10. Let it go. Whatever pain you’re holding on to; whatever experiences define your badge of disempowerment, let them go. Forgive yourself. Forgive others. When we hold on to or focus on the pain of the past, it robs us of the capacity to live fully in the present. Hold onto our pain for too long, and we end up allowing it to define us, blocking our true essence and the light of our soul. When we hold on to our fear, we lose our capacity to love. When we hold onto bitterness, we lose our capacity for joy. When we act from a fearful, self-protective place, we lose our capacity for authentic connection with others. Whatever you’re holding onto, give yourself permission to let it go, for by losing our baggage, we create space for new growth.

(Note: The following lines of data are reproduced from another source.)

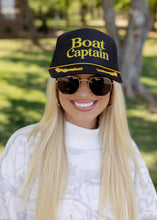 Load image into Gallery viewer, Boat Captain DTF Printed Black Trucker Hat

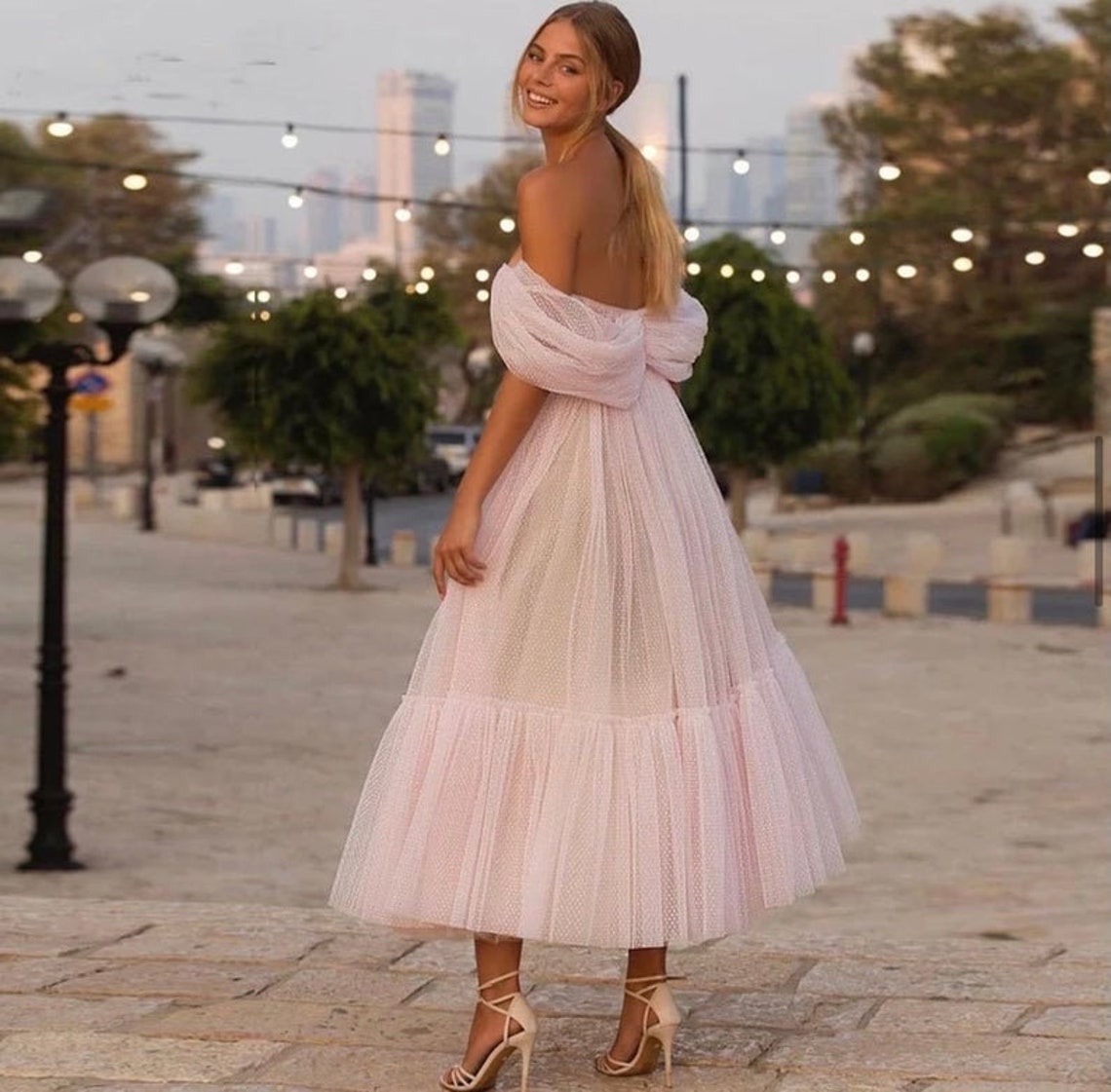 Vintage Light Pink Tea Length Prom Dresses Off The Shoulder A Line Long Formal Party Gowns Corset Tulle Evening Dress For Women Girls Engagement Speci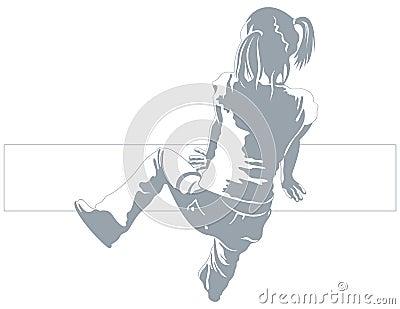 Girl Climbing Vector Vector Illustration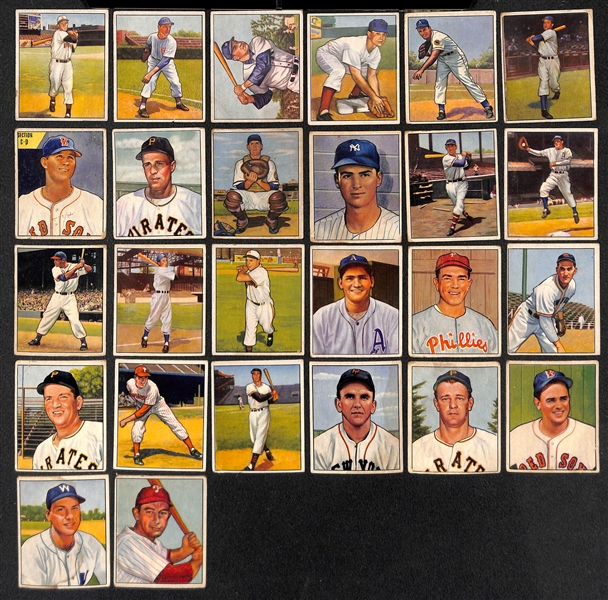  Lot of (120+) 1950 Bowman Baseball Cards w. Lou Boudreau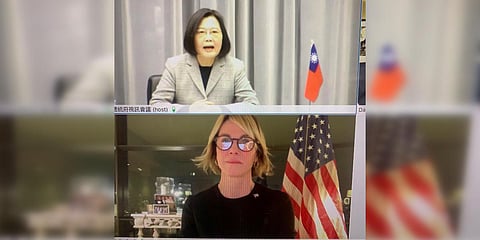 Taiwan's President Tsai Ing-wen (top) and US Ambassador to the United Nations Kelly Craft meeting virtually on Wednesday night. (Photo| AP)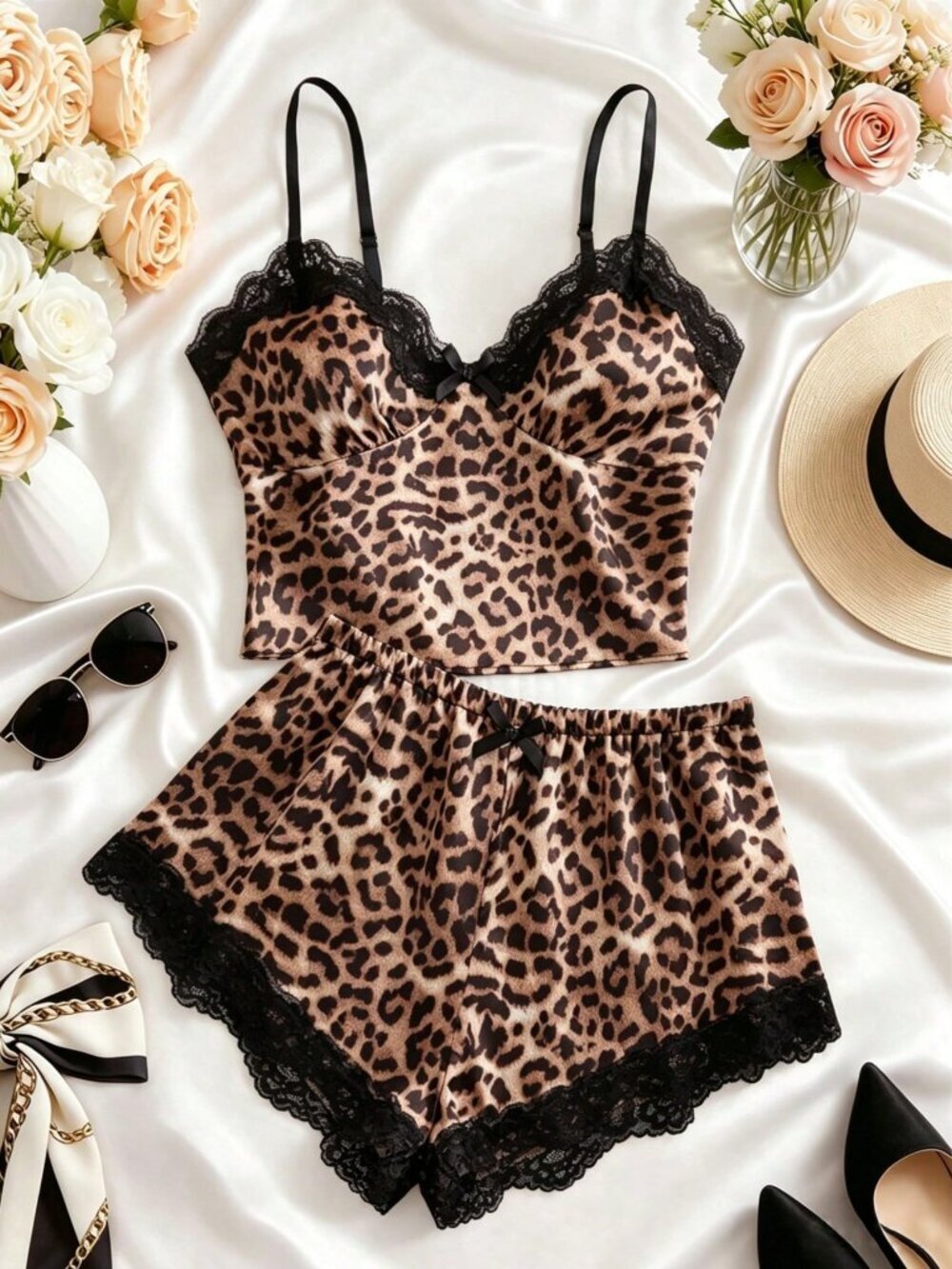 Brown Sexy Women's Leopard Pajama Top & Lace Patchwork Shorts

11. Our circumstances do not have to define us. You are not your circumstances. You are not your poverty, your unemployment, your divorce, your disability or your health issues. While your choices in the present may be influenced by the events of your past, you need not be defined by them. Moreover, while you may not be able to change others’ perceptions and biases, you need not be limited by them, either. Just as significantly, though our culture, profession, ancestry, religion, geography, socio-economic status, education, etc. are all factors that influence our identity, at any given moment, we are each free to step out of the proverbial box of pre-defined limitations and into the total truth of who we are.

12. You must be willing to take a risk. Growth is risky. There are no guarantees. There is no certain, predictable outcome.  The only guarantee is that by embracing growth and the inevitable change that accompanies it, you will embark on a journey that will both challenge and ultimately enrich your life beyond measure.

13. There is power in vulnerability. The very act of taking a risk; of extending ourselves beyond the comfort of the familiar and into the unknown requires a willingness to embrace vulnerability. It requires a willingness to let down walls built to protect; to dissolve layers of ego so that we can see beyond our defenses and into the essence of our heart, for it is there that we will find our true strength and power.

14. No pain, no gain. Growth is not only risky, it’s hard work, too, often (usually) accompanied by pain. By its very nature, growth and change require we be willing to leave the comfort of the known for the discomfort of the unknown. Just as in physical exercise, when we’re building our resiliency and courage muscles, there’s a painful tearing down process that must first occur, essential to building a stronger heart and foundation for our lives. There’s no escaping this fact, though it is usually the pain and discomfort of the status quo that ultimately challenges us to confront our deepest fears and surrender to this process.

15. Start with where you are. So often we put off until later what we can do right now. We hold on to the (false) idea that anytime must be better than the present time to confront our problems, face our fears, and embark on this journey of growth. “When this, then that,” we say to ourselves. ‘This’ may range from “when my children are grown” to “when I get that promotion” to “when I recover from my illness.” But putting off the steps we need to take to live our own voice out loud, robs us of both joy in the present and hope for the future.

16. You are enough. Each one of us is unique with our own set of gifts to share with the world. Each one of us has within us the capacity to love and be loved, to serve with humility and to act with compassion. We do not need to wait for someone else to tell us we are enough — good enough, smart enough, pretty enough, successful enough or lovable enough, for we are each a precious gift of God. Our worth is not found in or measured by the external, but resides within, if only we will dare to uncover the truth of who we are.